Les plateformes devront informer les usagers sur la loi, les droits de l’enfant et les risques psychologiques. Un système de signalement pourrait voir le jour et les plateformes devront possiblement adopter des chartes qui auront pour objectifs d’améliorer la lutte contre l’exploitation commerciale illégale de l’image des enfants.
Comme pour les droits d’auteur, YouTube n’aura pas les moyens de tout vérifier et contrôler et risque donc de censurer une bonne partie de ce genre de vidéo. Il serait donc préférable de conserver en tout ou partie les dispositifs de cette loi favorables aux enfants, mais en faisant condamner d’abord, et le cas échéant lourdement, les parents et vidéastes responsables de ces tournages plutôt que les plateformes.

D- La taxe Youtube

Que serait la France sans une taxe ? Le 6 décembre 2016, les députés français ont voté une loi surnommée la « taxe YouTube » prévoyant de taxer les revenus générés par la publicité sur YouTube en faveur des créateurs de vidéos[12].

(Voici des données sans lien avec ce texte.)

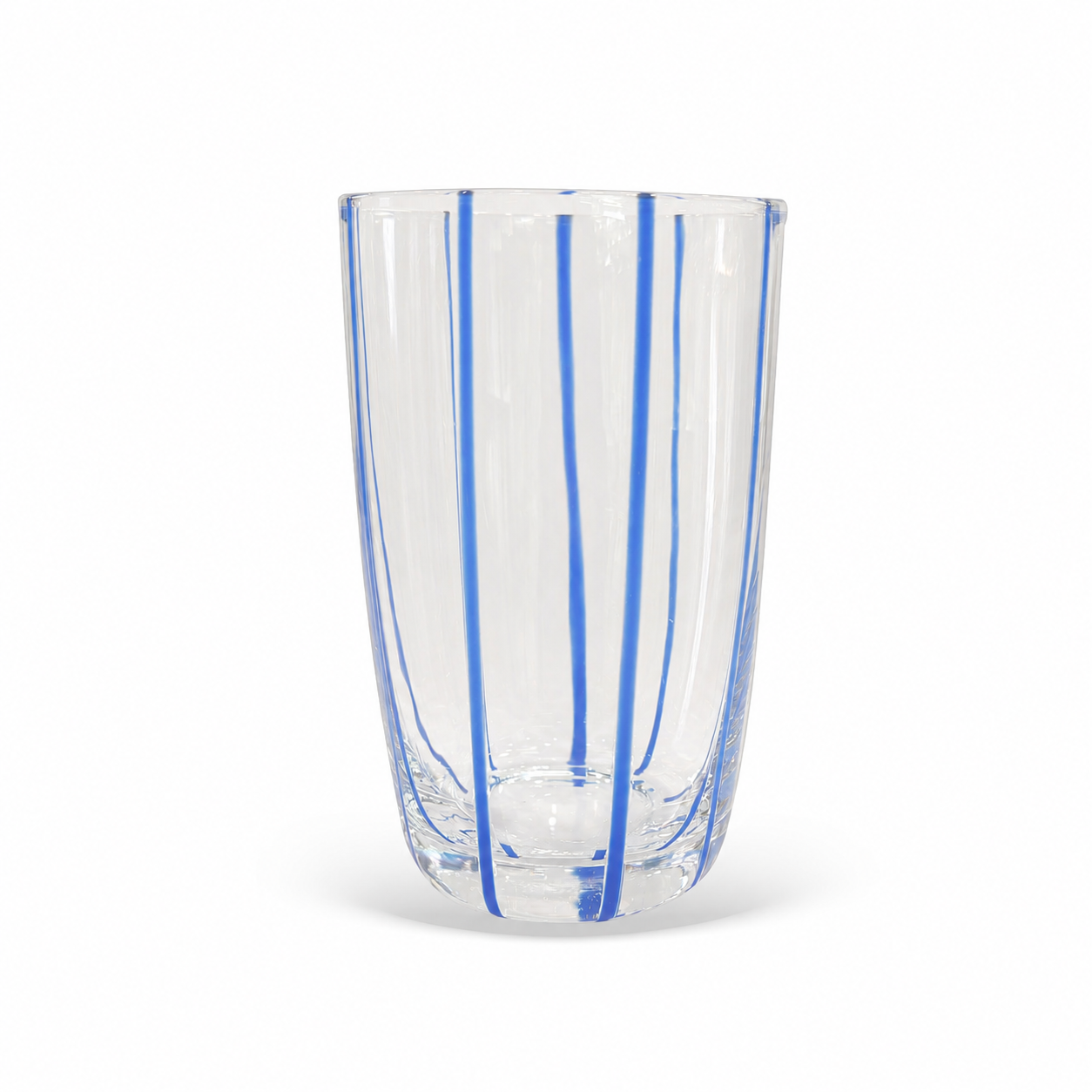 Conjunto copos Stripes de vidro transparente com listras azuis 6 pecas - il nido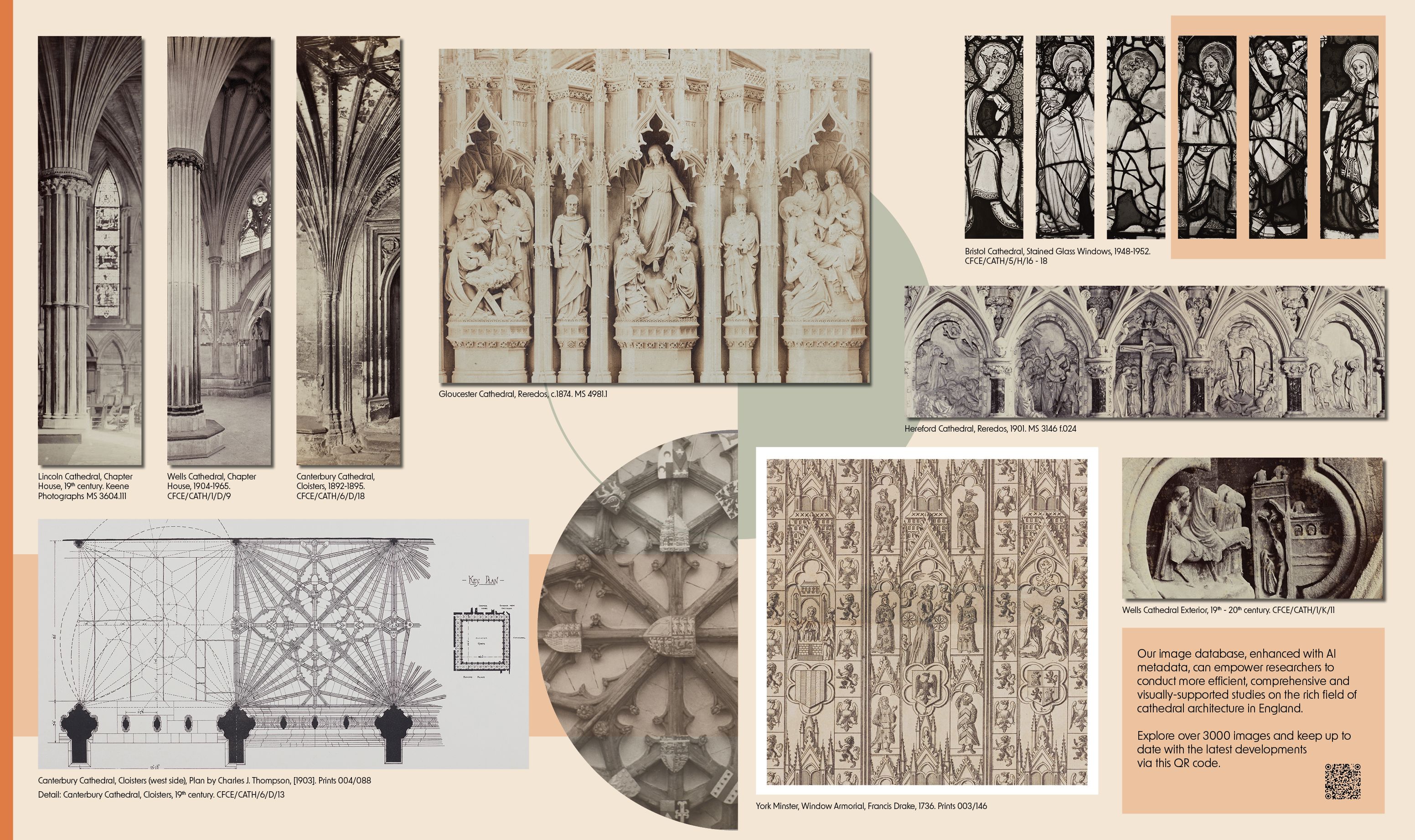 Building on Cathedrals exhibition case display at Lambeth Palace Library. Design by Camille Koutoulakis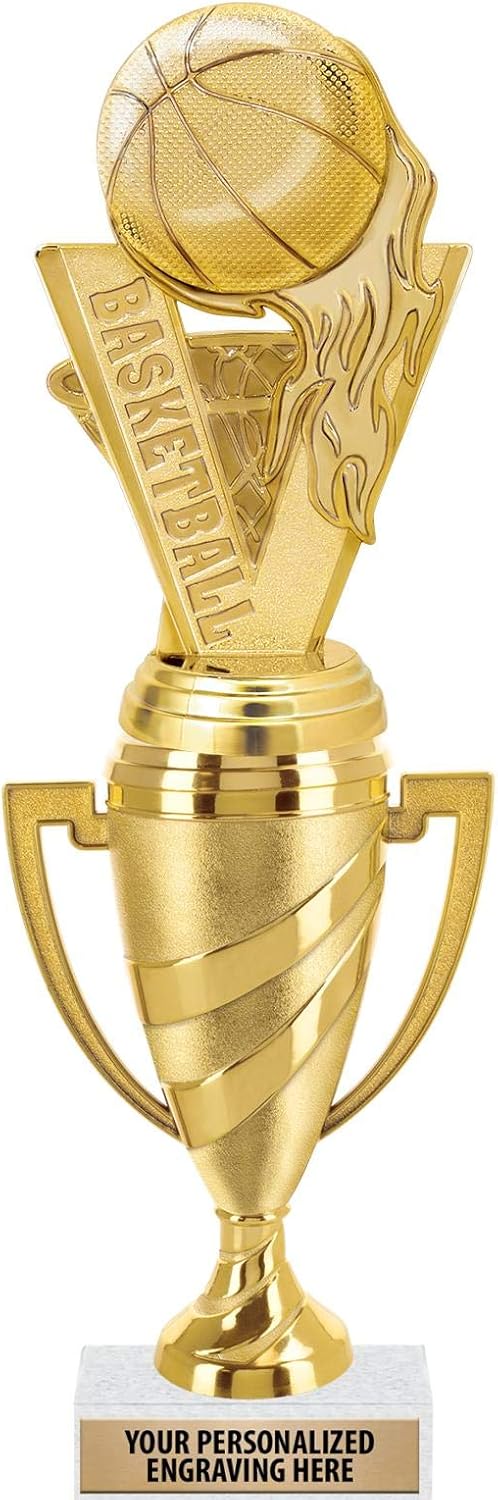 Crown Awards Basketball Trophy, 11" Gold Cup Basketball Team Trophies with Engraving Included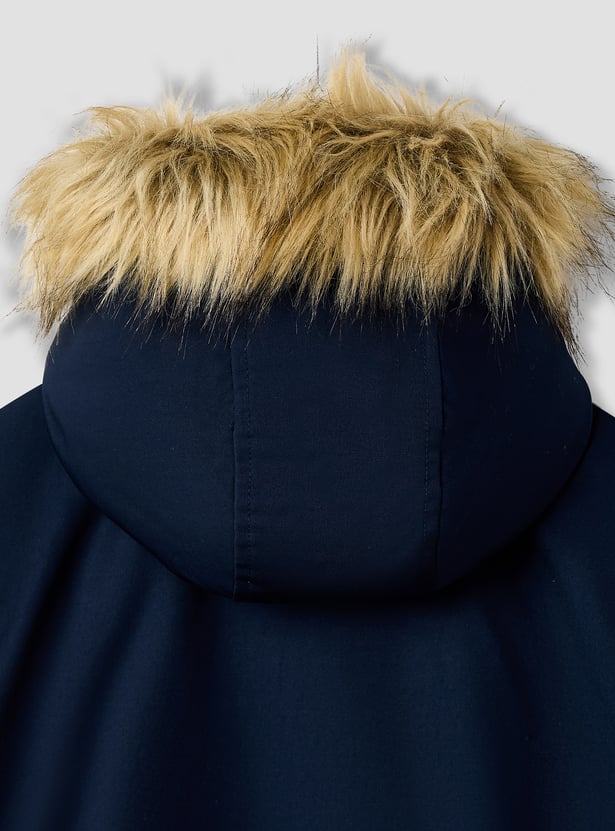 Juniors Faux-Fur Trim Hooded Parka with Zip Closure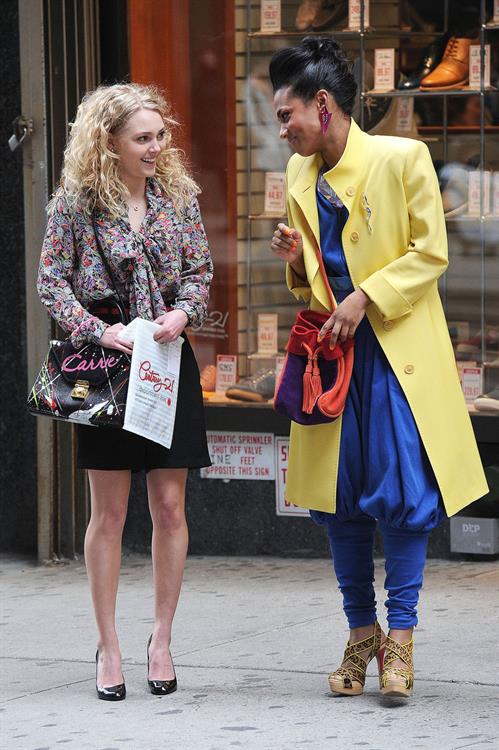 AnnaSophia Robb on the set of The Carrie Diaries in New York City on March 24, 2012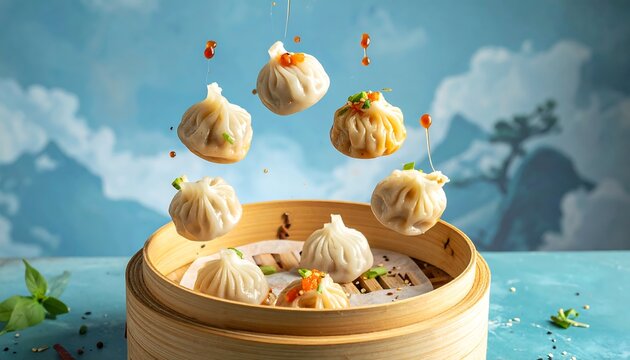 Creative food photography of steamed dim sum dumplings flying with dipping sauces - Powered by Adobe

« La taxe YouTube » cible les revenus publicitaires des sites mettant à disposition des vidéos gratuites ou payantes sur Internet, dont le leader incontesté est YouTube. Le but est affiché : la députée Karine Berger l’a dit clairement, l’objectif est d’« atteindre les GAFA qui, la plupart du temps, échappent à l’impôt ».

Le taux de taxation était de 2%. Elle était portée à 10% lorsque les recettes publicitaires ou de parrainage sont liées « à la diffusion de contenus et œuvres cinématographiques ou audiovisuelles à caractère pornographique ou violent », contenus ciblés et supprimés par YouTube depuis quelques années déjà. Mais avec la loi de finances pour 2020, le taux de base est passé à 5,15 %. Cette taxe YouTube a donc vocation à gonfler au fil des années pour venir combler le déficit structurel de l’Etat.

La taxe est due par tout opérateur, quel que soit son lieu d’établissement, proposant un service en France qui donne ou permet l’accès, à titre onéreux ou gratuit, à tout type de contenus audiovisuels.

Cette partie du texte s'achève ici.